• TASK TO CARRY OUT: The following data is to be repeated exactly, its pictures excluded.
------------------------------
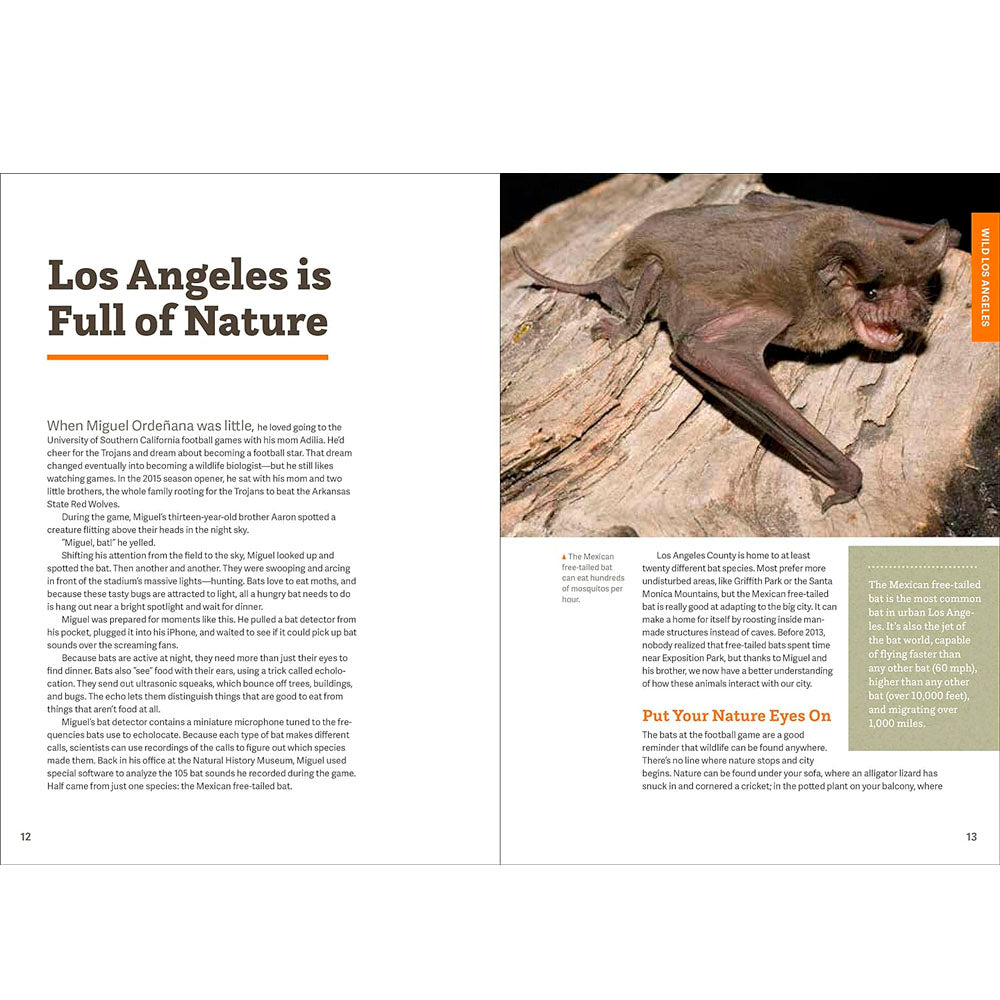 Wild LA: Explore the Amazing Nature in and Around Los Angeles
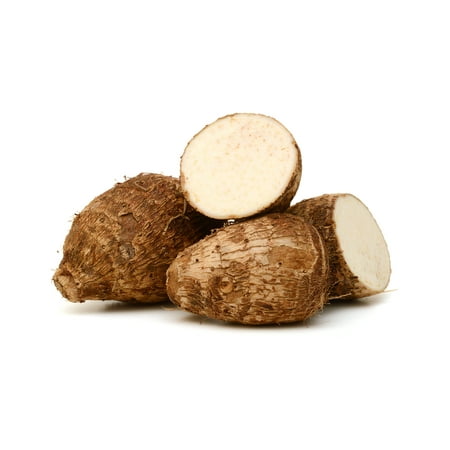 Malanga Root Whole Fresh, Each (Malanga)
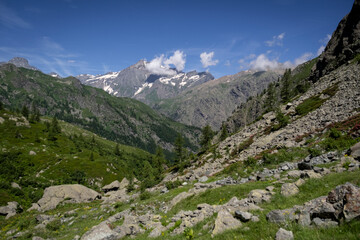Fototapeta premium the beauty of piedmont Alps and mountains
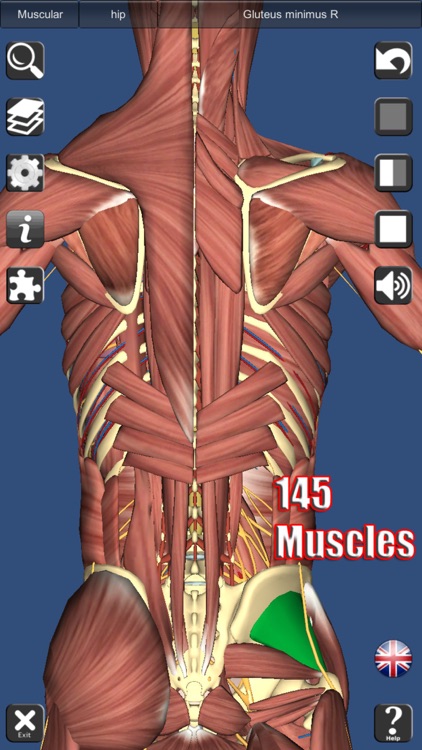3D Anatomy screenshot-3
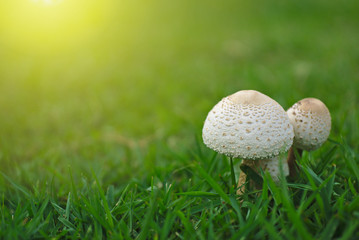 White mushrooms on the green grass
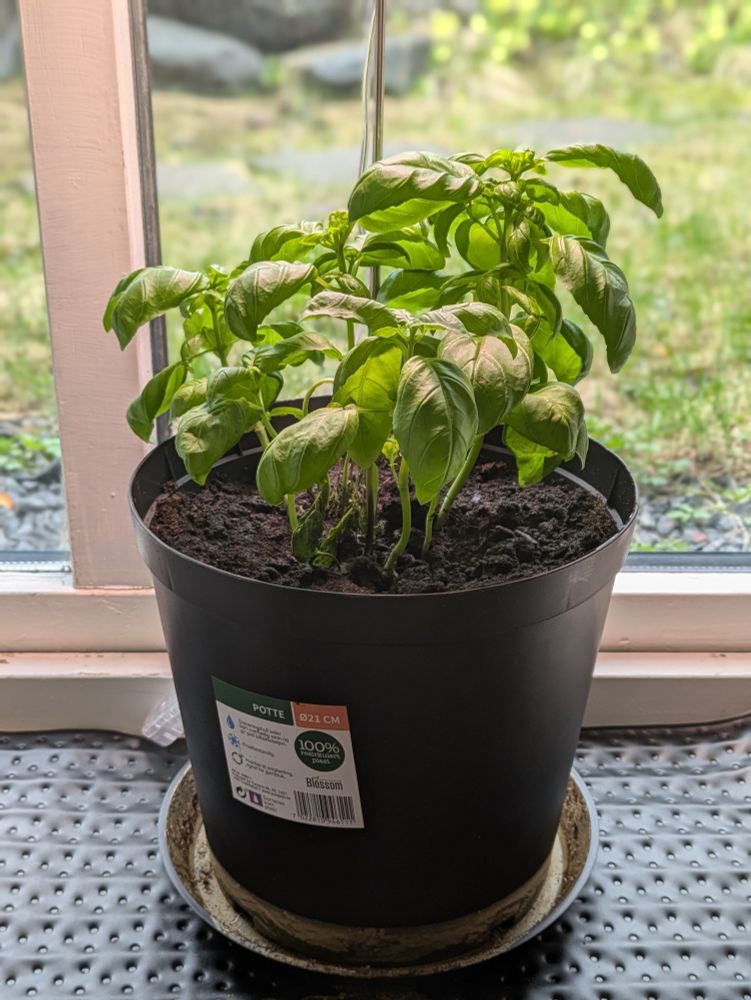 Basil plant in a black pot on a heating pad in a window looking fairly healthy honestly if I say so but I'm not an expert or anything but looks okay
------------------------------
• YOUR SOLUTION:
 Wild LA: Explore the Amazing Nature in and Around Los Angeles
 Malanga Root Whole Fresh, Each (Malanga)
Fototapeta premium the beauty of piedmont Alps and mountains
3D Anatomy screenshot-3
 White mushrooms on the green grass
 Basil plant in a black pot on a heating pad in a window looking fairly healthy honestly if I say so but I'm not an expert or anything but looks okay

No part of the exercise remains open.